Top of AVAILABLE DATA

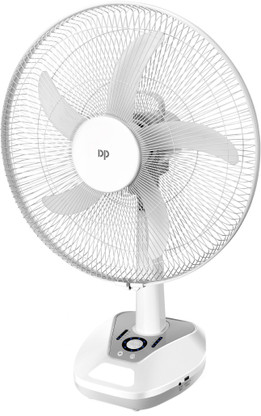 DP 102AT (RECHARGEABLE TABLE FAN) 1800 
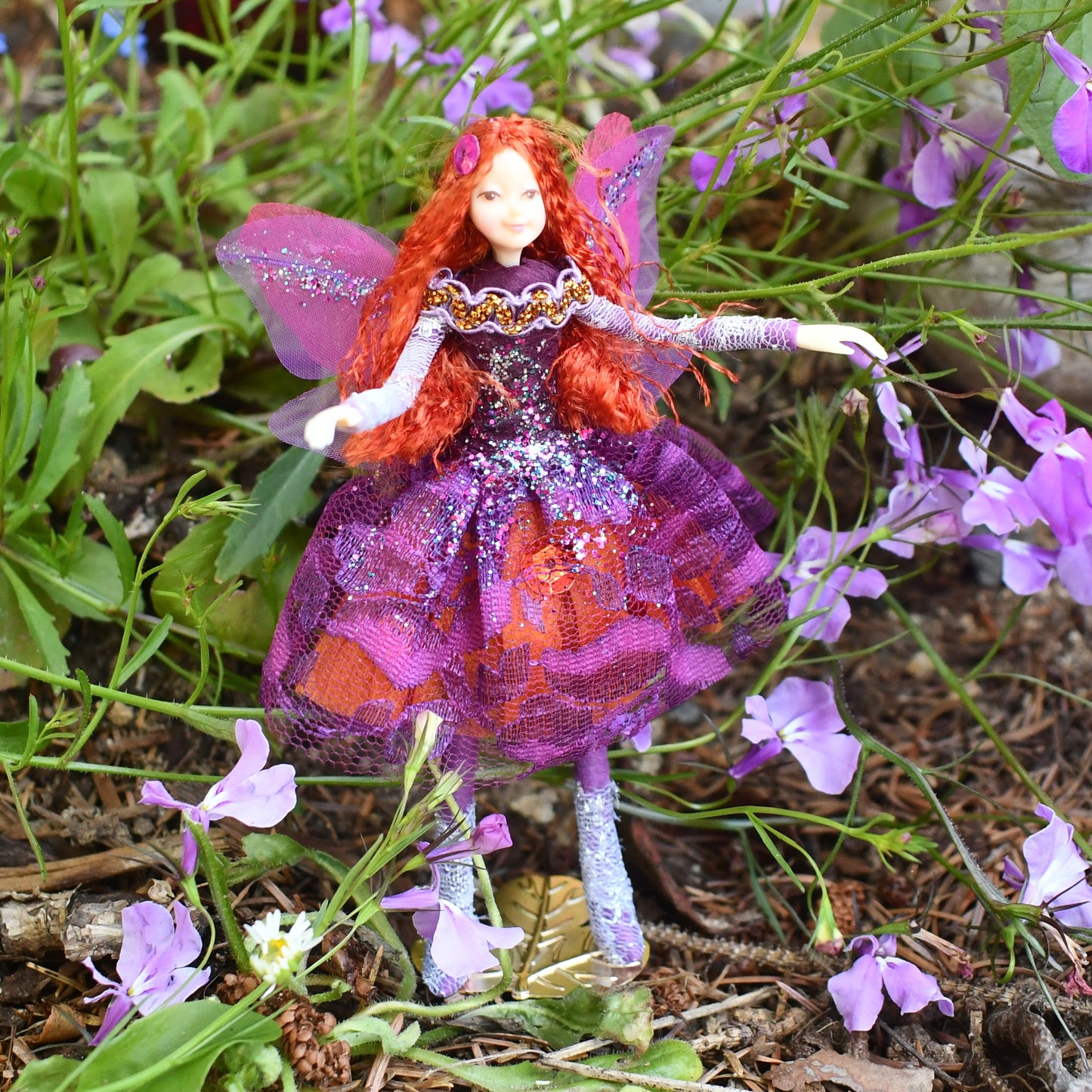 Fae Folk® Fairies - SAFFRON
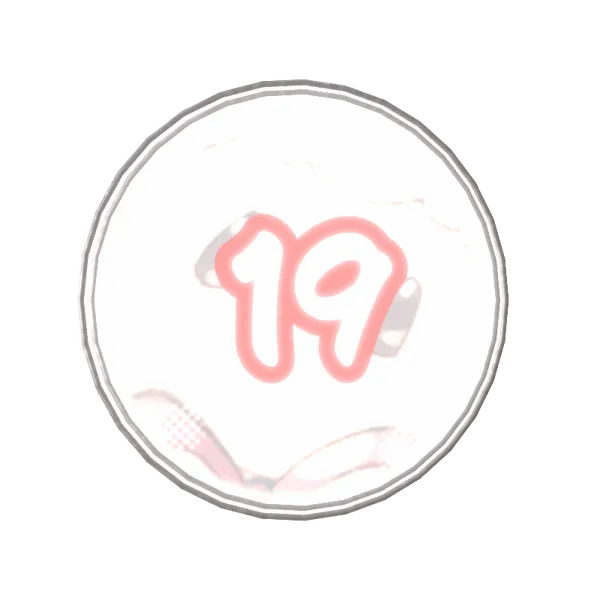 3Dタイマーボイスメダル（ひつじ）⑲
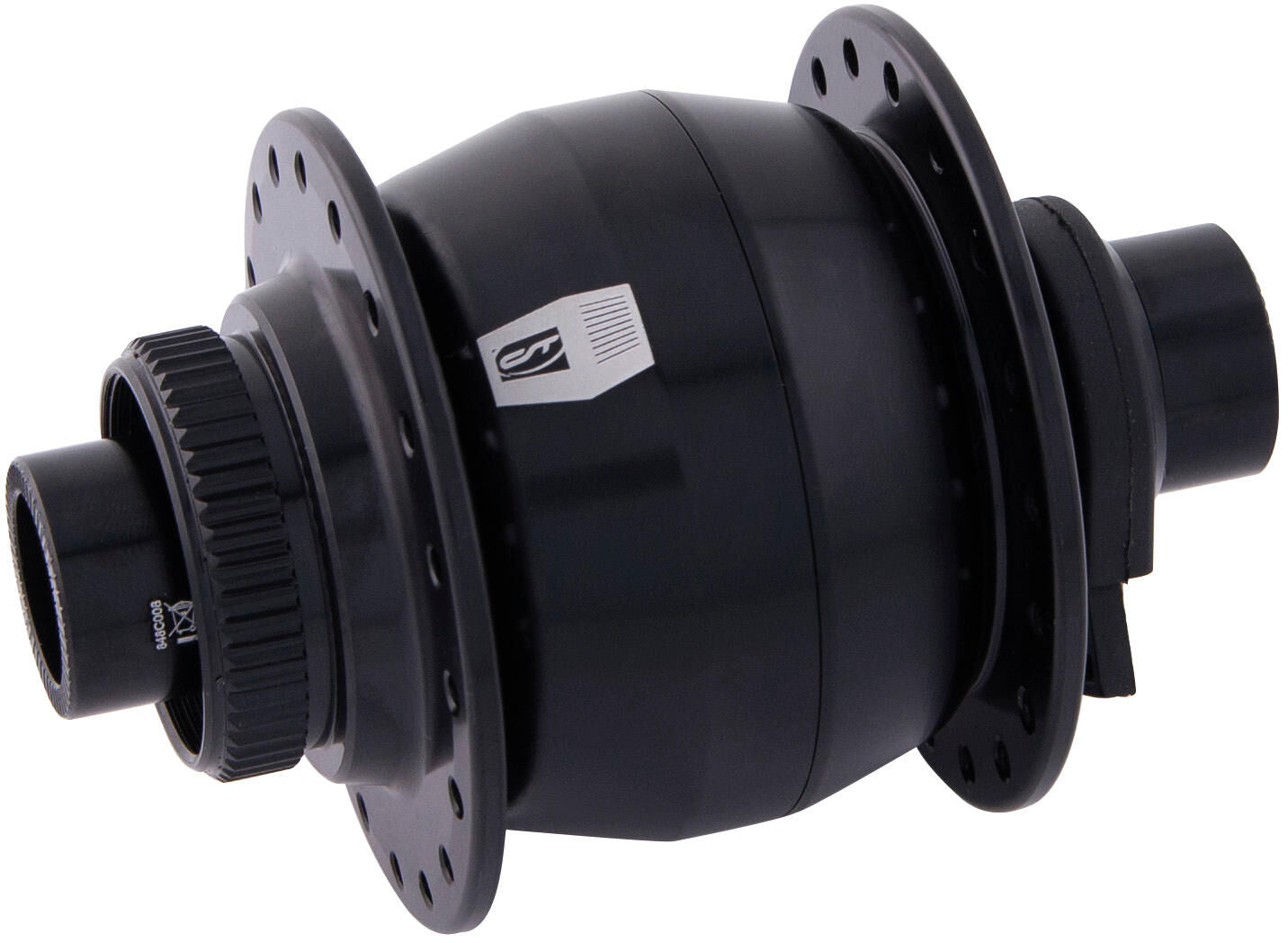 Contec naafdynamo powerhouse hub 1+ ct dynamo powerhouse 1+ 36h. black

Bottom of AVAILABLE DATA

__YOUR GOAL__. When you copy the lines above, drop the pictures and keep everything else exact.

__OUTPUT OF THE EXERCISE__.
 DP 102AT (RECHARGEABLE TABLE FAN) 1800 
 Fae Folk® Fairies - SAFFRON
 3Dタイマーボイスメダル（ひつじ）⑲
 Contec naafdynamo powerhouse hub 1+ ct dynamo powerhouse 1+ 36h. black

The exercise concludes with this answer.